Wüsten des Orients 2021-2022

Reiseplanung in Zeiten von Covid ist schwierig und bedingt grosse Flexibilität.

Unsere Reise sollte über die Türkei, den Iran und die Arabische Halbinsel führen. Da Iran wegen Covid noch nicht bereist werden kann, muss nun umgeplant werden und so werden die Autos nach Aqaba, Jordanien verschifft und wir folgen mit dem Flugzeug. Die Reise soll also in umgekehrter Richtung erfolgen.

Heute am 12. November 2021 haben wir in Bremerhaven das Auto abgegeben und sind guten Mutes, dass wir, trotz wieder steigenden Ansteckungszahlen, bald nach Jordanien abreisen können.

Die Reise wird organisiert von AllradOsten und unsere Allrad-Gruppe besteht aus 12 Fahrzeugen plus zwei Begleitfahrzeugen.

Wir freuen uns natürlich besonders, dass Elisabeth und Hansueli Müller, ebenfalls aus Wilen dabei sind. Die anderen Teilnehmer werden wir in Amman kennen lernen. Was wir schon wissen, es sind fünf Schweizer, sechs Deutsche und ein Luxemburger Fahrzeug.

Mo 06.12.2021 bis Sa 12.12.12.2021

Endlich ist es soweit. Da unser Flug verschoben wurde und schon um sieben Uhr morgens stattfindet, reisen wir am Vorabend nach Kloten und geben bereits das Gepäck auf. Guter Entscheid, dauert doch das Einchecken mit all den Covid-Vorschriften über 30 Minuten. Danach ab ins Hotel Leonardo. 

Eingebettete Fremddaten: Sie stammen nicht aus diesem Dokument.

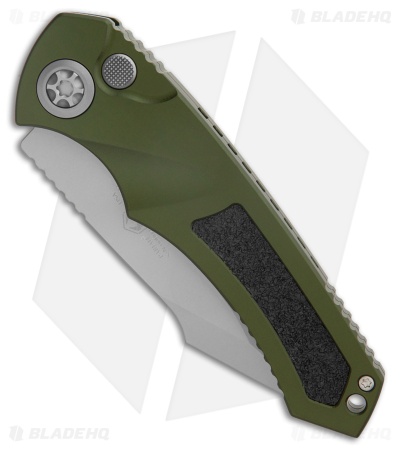 Heretic Knives Pariah Auto Knife Green Aluminum W/ Grip Inserts (3.8" BB)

Wir fliegen pünktlich ab nach Wien und warten hier durch die Verschiebung doch relativ lange auf den Anschlussflug nach Amman.

Pünktlich in Amman angekommen geht die ganze Abfertigung sehr zügig, auch Geld wechseln, SIM-Karte kaufen und der Transfer ins Hotel. Vorteile, wenn eine Organisation dahinter steckt.

Geplant ist, unsere Fahrzeuge am Freitag in Aqaba aus dem Hafen zu holen.

So haben wir noch zwei Tage Zeit, Amman und die nähere Umgebung etwas anzuschauen. 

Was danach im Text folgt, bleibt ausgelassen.